La posizione di Farmaindustria
Massimo Scaccabarozzi, presidente Farmaindustria, ha salutato con favore le mosse sullo scacchiere. «Fui il primo, ancora prima di Brexit – dichiara al Sole 24 Ore – a dire che l’Italia doveva rivendicare la sede dell'Ema. Siamo il primo Paese in Europa per presenza industriale farmaceutica. Mi auguro che sia possibile riaprire la partita e dico che bene fa il Governo, il Comune e magari anche la Regione a riprovarci. Credo che sia da tenere in considerazione la dichiarazione del direttore dell’Ema, Guido Rasi, che alcuni giorni fa ha parlato di caos. La mancanza di continuità può trasformarsi in un problema».

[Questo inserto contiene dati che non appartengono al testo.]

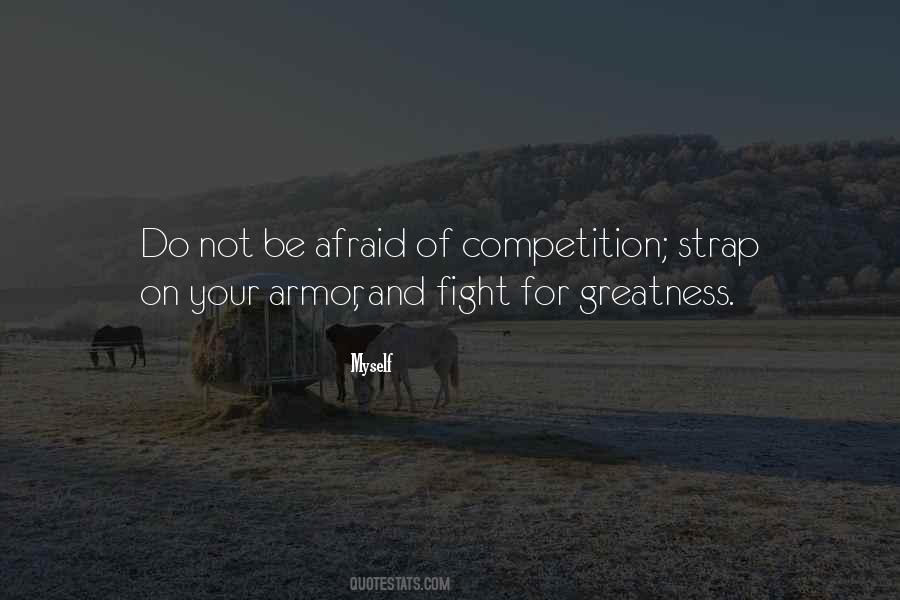 Afraid Of Greatness Quotes #1356764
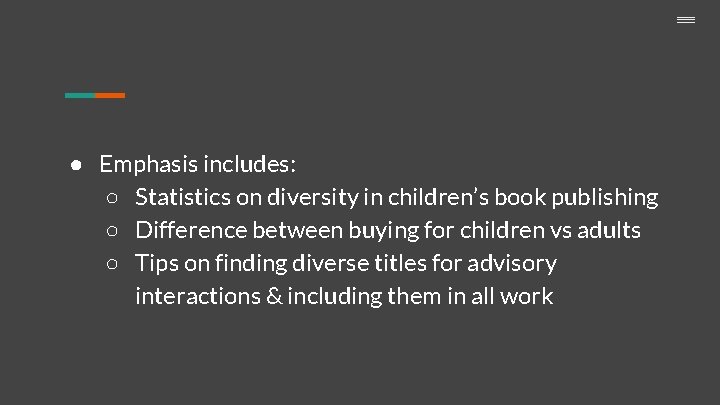 ● Emphasis includes: ○ Statistics on diversity in children’s book publishing ○ Difference between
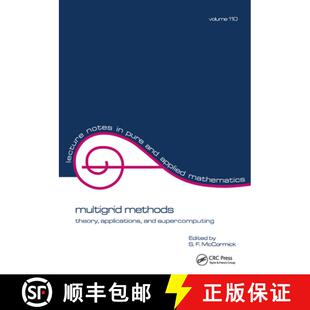 【3-4周达】Multigrid Methods: Theory, Applications, and Supercomputing [9780824779795]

Diana Bracco, che rappresentava il mondo delle imprese nella Cabina di regia per la candidatura di Milano a sede Ema ha aggiunto che «come sistema privato denunciamo da sempre le falle di un processo di assegnazione che non ha coinvolto il Parlamento e ha affidato la propria scelta alla sorte».

Nel frattempo a Canary Wharf
Nel frattempo si attende la decisione dei giudici di Londra nella controversia che oppone l’Ema a Canary Wharf Group, proprietario del palazzo della zona finanziaria nell'East End della capitale britannica che ospita attualmente l'Agenzia. L’Ema vuole interrompere il contratto di leasing che la lega alla sede londinese fino al 2039 a un costo di 13 milioni di sterline (circa 15 milioni di euro) all'anno, giustificando l'interruzione proprio a causa della Brexit. Canary Wharf Group si oppone e ventila conseguenze disastrose per l'intero mercato immobiliare britannico se la Corte dovesse dare ragione all'Ema.